Book Review: “God’s Gay Tribe” by M.R. Ritley | A Groundswell of Gay Spirituality

“Being gay is not an accident . . . it is a calling.”

I read these words and quietly gasped with joy. I was on the train to New

York City passing the time by reading M.R. Ritley’s God’s Gay Tribe.

The book is only 60 pages. I could easily finish it before getting to Grand

Central Station.

Yet the book’s careful prose, often poetic in its simplicity, inspired careful

reading. And why not? After all, little masterpieces deserve to be contemplated

while read, like a devotional, like a gospel.

Tribe begins: “This is the lesson on crossing the sands. Remember

it. . . . I am a gay woman who has made that perilous and lonely journey

through the sands more times than once. I have a spiritual obligation now

to tell the story. [Gay men and women], more than most people, have a desperate

need to pass this kind of wisdom on; too much of it has been deliberately

buried, too much lost in the silence of our lives.”

Exclamations of recognition escaped my mouth as I read, surely convincing

the passenger in front of me that I was having some sort of religious experience.

In a way, I was.

The good news in Tribe is that to be gay is to be more than different — to

be gay is to be different for a reason.
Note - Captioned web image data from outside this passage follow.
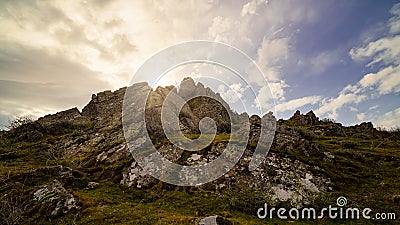 Golden sunrise on the mountain with sun rays coming out from behind the rocks and idyllic atmosphere. La Hiruela Madrid Stock Photo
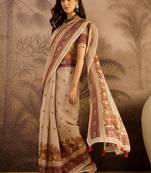 Beige silk cotton printed saree with unstitched blouse piece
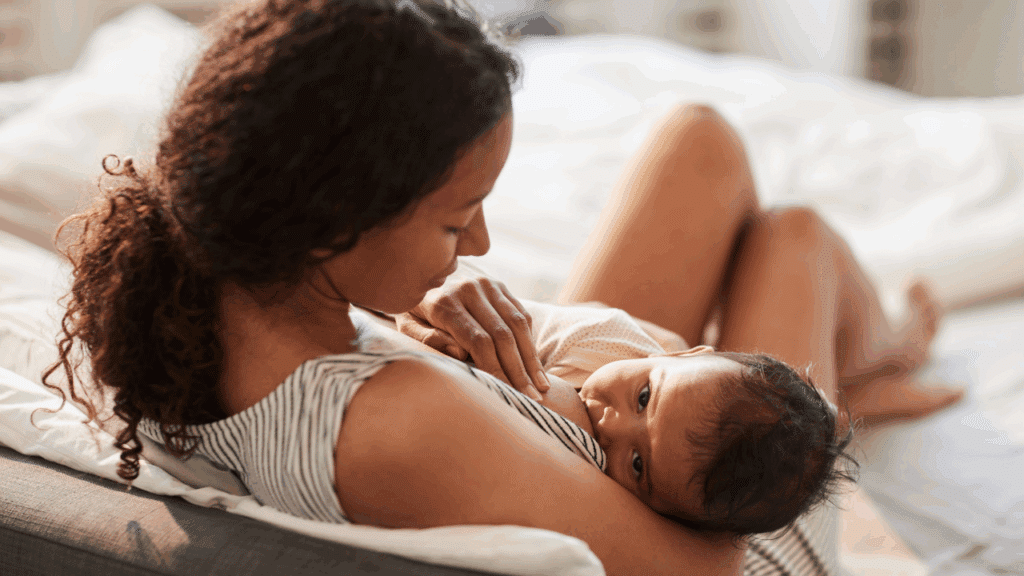 Breastfeeding parent in bed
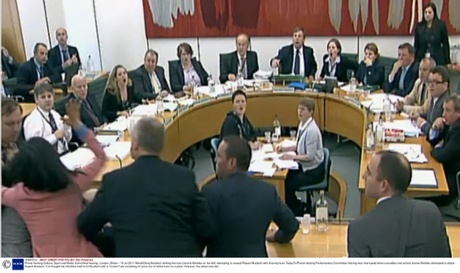 Wendi Deng Murdoch striking the man (Jonnie Marbles on the left) attempting to assault Rupert Murdoch with shaving foam.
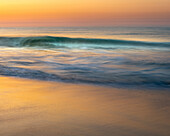 USA, New Jersey, Cape May National Seashore. Wave on beach at sunrise.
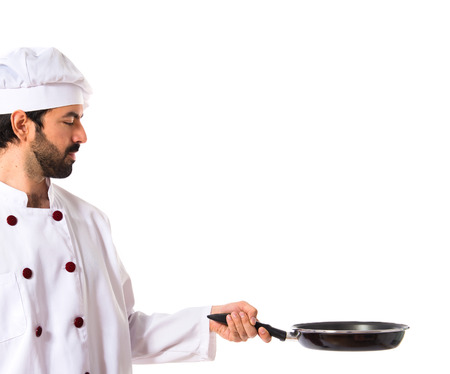 Chef holding frying panの写真素材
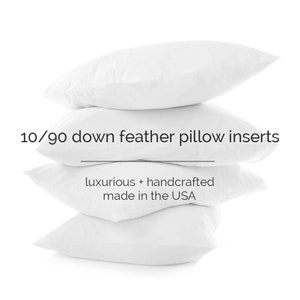 May include: A stack of four white down feather pillow inserts. 10/90 down feather pillow inserts. luxurious + handcrafted made in the USA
To be gay is to be so by heavenly

design; it is to be set apart, Ritley asserts, by God.

Many gay men and women will cherish her message as liberating and inspiring.
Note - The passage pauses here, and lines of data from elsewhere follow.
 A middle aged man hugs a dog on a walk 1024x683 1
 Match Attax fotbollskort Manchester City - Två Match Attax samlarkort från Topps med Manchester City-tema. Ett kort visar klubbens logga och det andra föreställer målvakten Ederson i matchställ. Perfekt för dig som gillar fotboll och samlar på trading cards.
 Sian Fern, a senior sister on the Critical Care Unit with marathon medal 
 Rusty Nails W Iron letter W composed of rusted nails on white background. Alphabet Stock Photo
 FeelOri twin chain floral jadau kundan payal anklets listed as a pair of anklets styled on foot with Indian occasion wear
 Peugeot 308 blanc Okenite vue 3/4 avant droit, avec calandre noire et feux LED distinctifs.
Ritley notes in an early section, “Because coming out involves the discovery

. . . of one’s identity in a sexual context, all things connected with it

are apt to be wrongly classified as ‘unspiritual’ in the gay person’s mind.”

She continues provocatively: a gay person’s “moment of insight” into his

or her sexuality, and very personhood, may take place “in a gay bar while

coming out.” So what? Such an event is still “fully ‘spiritual’ in character,

despite its setting. . . . [We must recast] common gay experience as spiritually

significant.”

The gay bar as revival tent? As temple? As church? Bold . . . and, I was

willing to believe, true! Ritley had me hooked.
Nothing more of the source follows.